GIVEN MATERIAL:
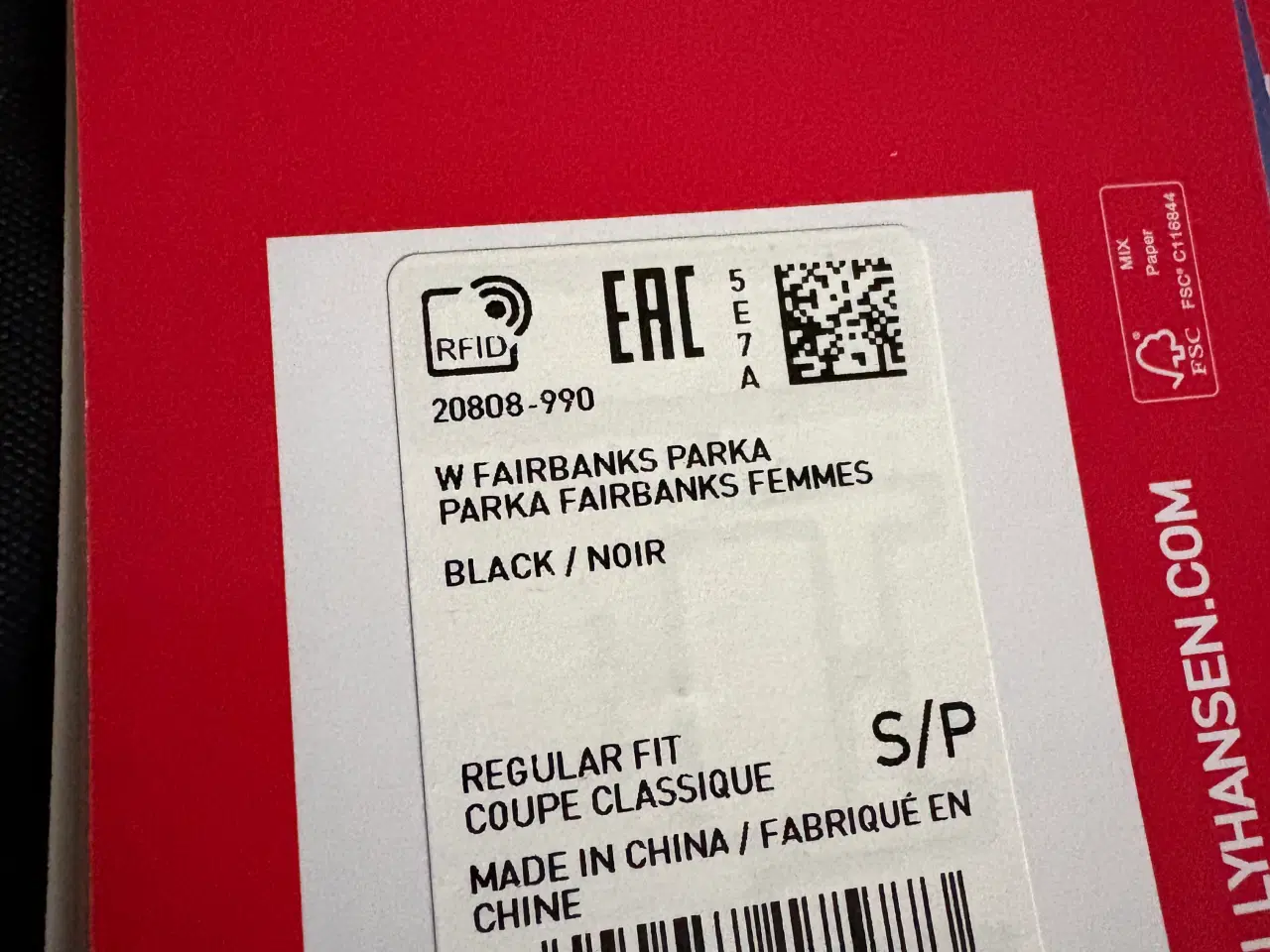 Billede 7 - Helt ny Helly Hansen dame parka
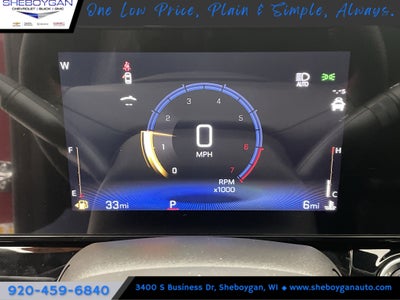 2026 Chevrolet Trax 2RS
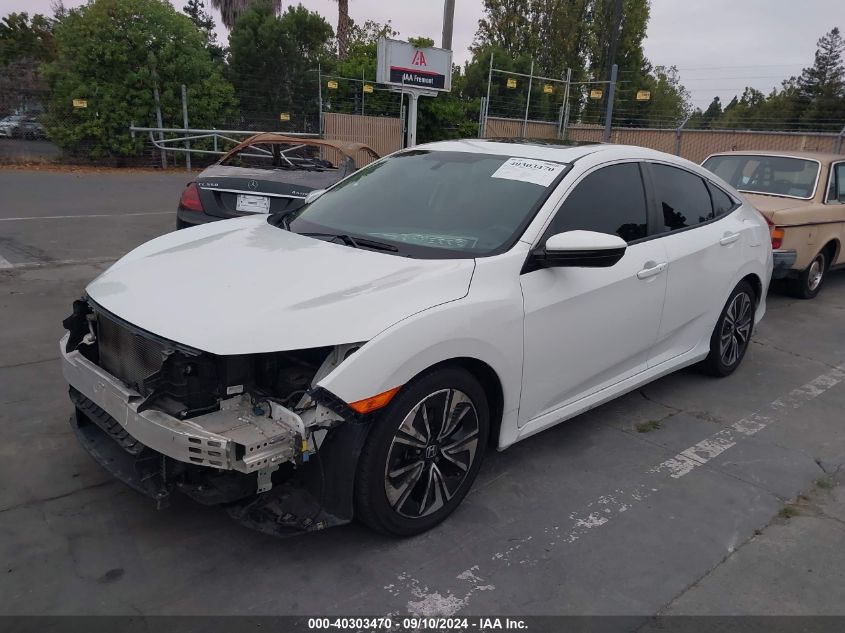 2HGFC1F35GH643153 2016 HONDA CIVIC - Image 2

TASK STATEMENT: Retype the listing above exactly as it appears, omitting the pictures.

SOLUTION:
 Billede 7 - Helt ny Helly Hansen dame parka
 2026 Chevrolet Trax 2RS
 2HGFC1F35GH643153 2016 HONDA CIVIC - Image 2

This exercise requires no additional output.